> [Records for processing]
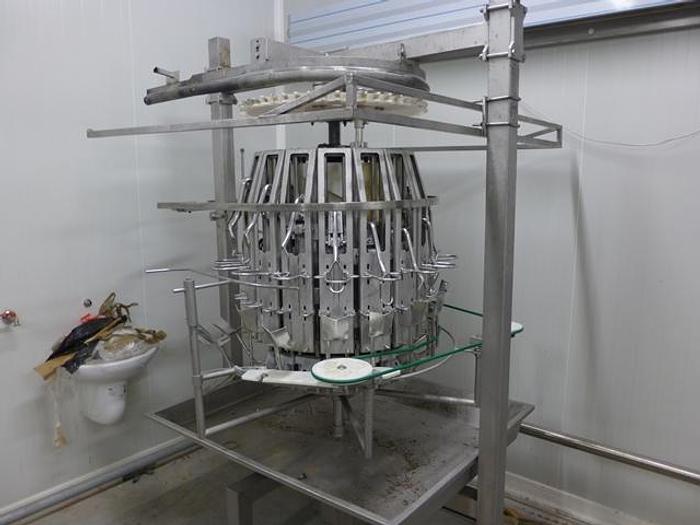 EMF 4000 BPH Evisceration line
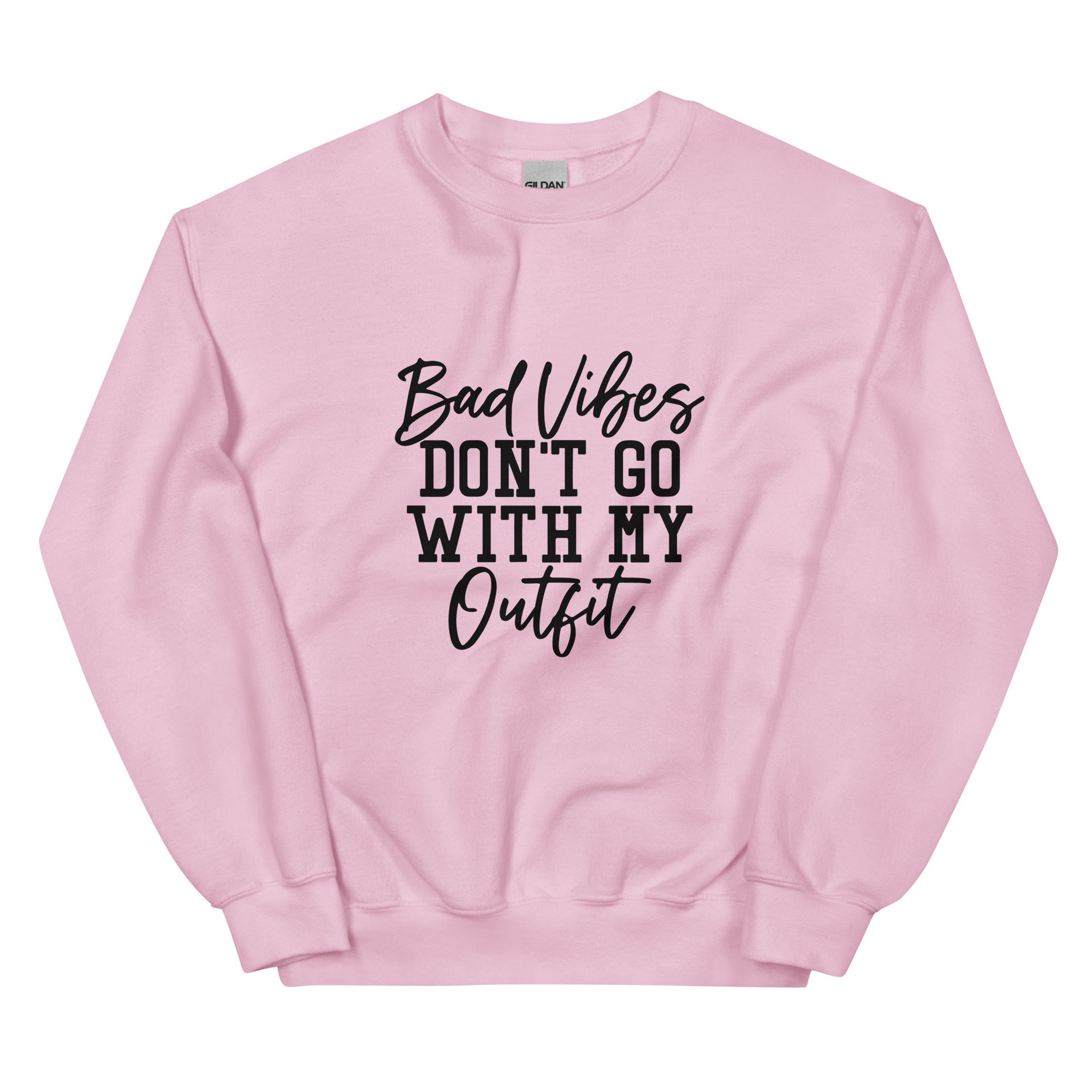 Bad vibes sweatshirt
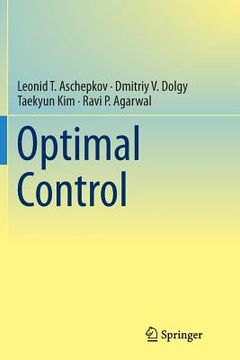 portada Optimal Control (in English)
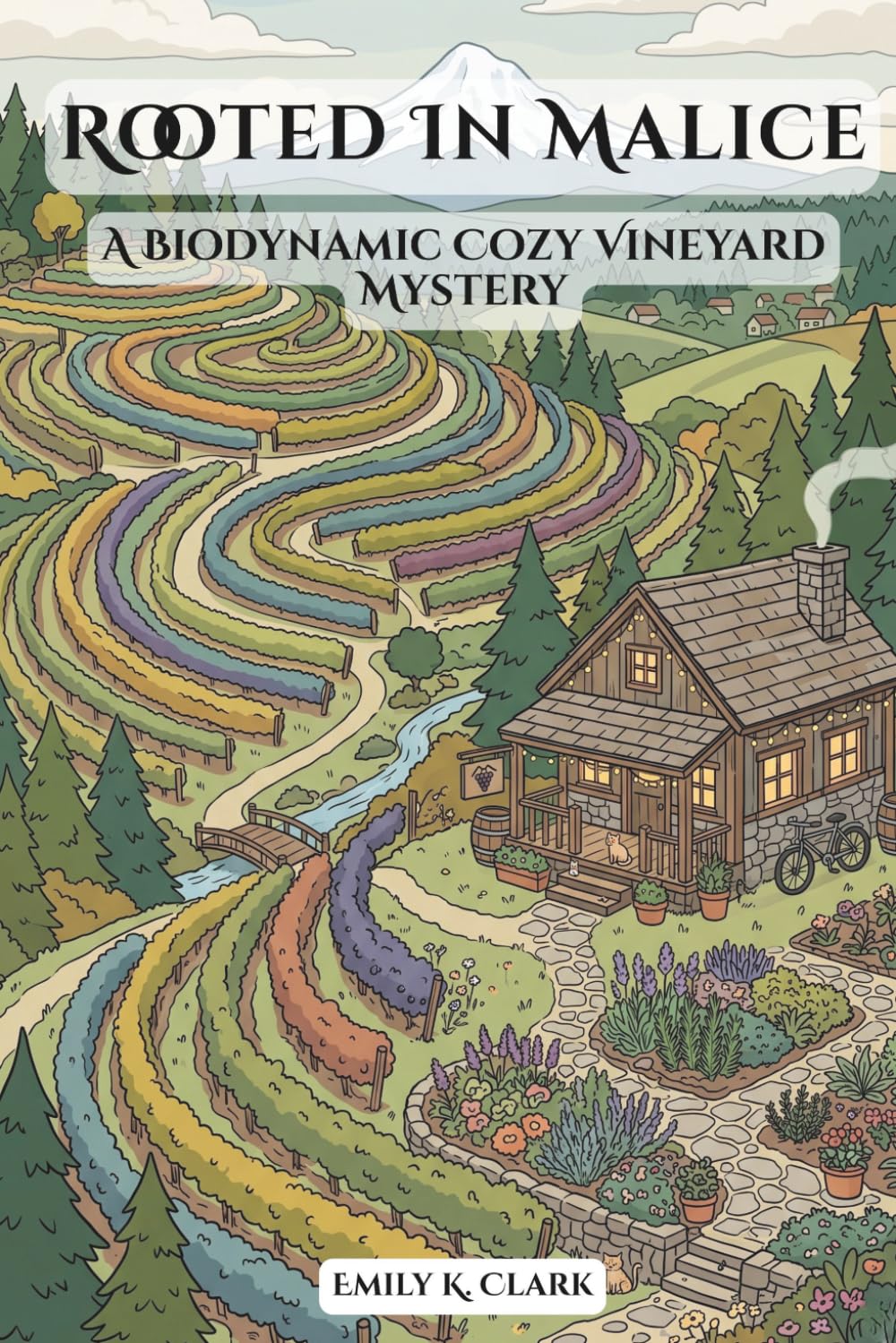 Rooted In Malice: A Biodynamic Cozy Vineyard Mystery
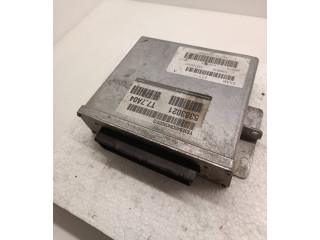 Блок управления двигателя 5383021, 5380076   Saab 9-5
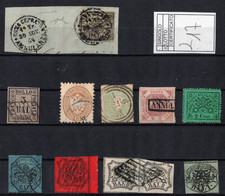 L17 FRANCOBOLLI ASI - bel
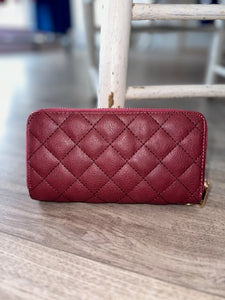 Quilted Wallets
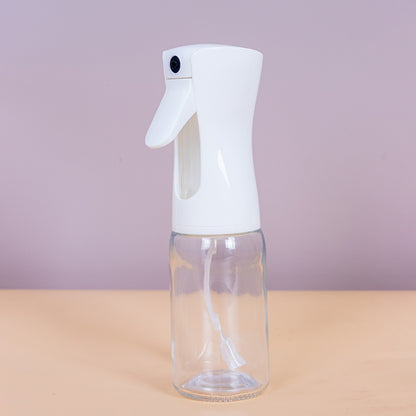 Kitchen Household Glass Cooking Oil Spray Bottle Kitchen DealSniper.net White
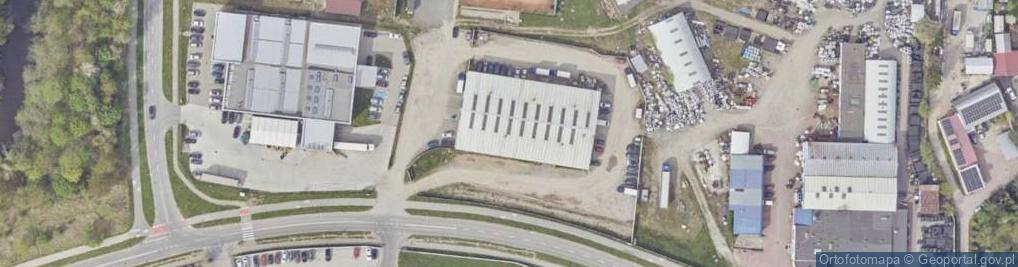 Zdjęcie satelitarne Klub Kartingowo Motorowo Samochodowy Taboss Kart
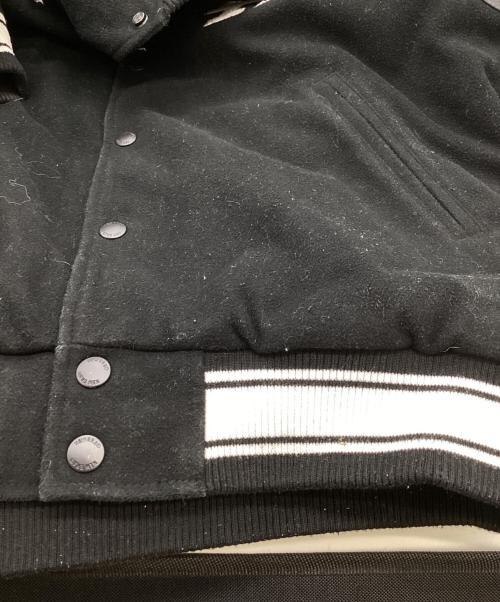 MLB（エムエルビー）MLB (エムエルビー) New Era (ニューエラ) RAGLAN VARSITY JACKET ブラック サイズ:Mの古着・服飾アイテム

> [Your assignment]
All that belongs in the answer is the lines from the line with "Rooted In Malice: A" through the closing line of the entries, inclusive, transcribed exactly and free of pictures.

> [Answer space]
 Rooted In Malice: A Biodynamic Cozy Vineyard Mystery
 Блок управления двигателя 5383021, 5380076   Saab 9-5
 L17 FRANCOBOLLI ASI - bel
 Quilted Wallets
 Kitchen Household Glass Cooking Oil Spray Bottle Kitchen DealSniper.net White
 Zdjęcie satelitarne Klub Kartingowo Motorowo Samochodowy Taboss Kart
 MLB（エムエルビー）MLB (エムエルビー) New Era (ニューエラ) RAGLAN VARSITY JACKET ブラック サイズ:Mの古着・服飾アイテム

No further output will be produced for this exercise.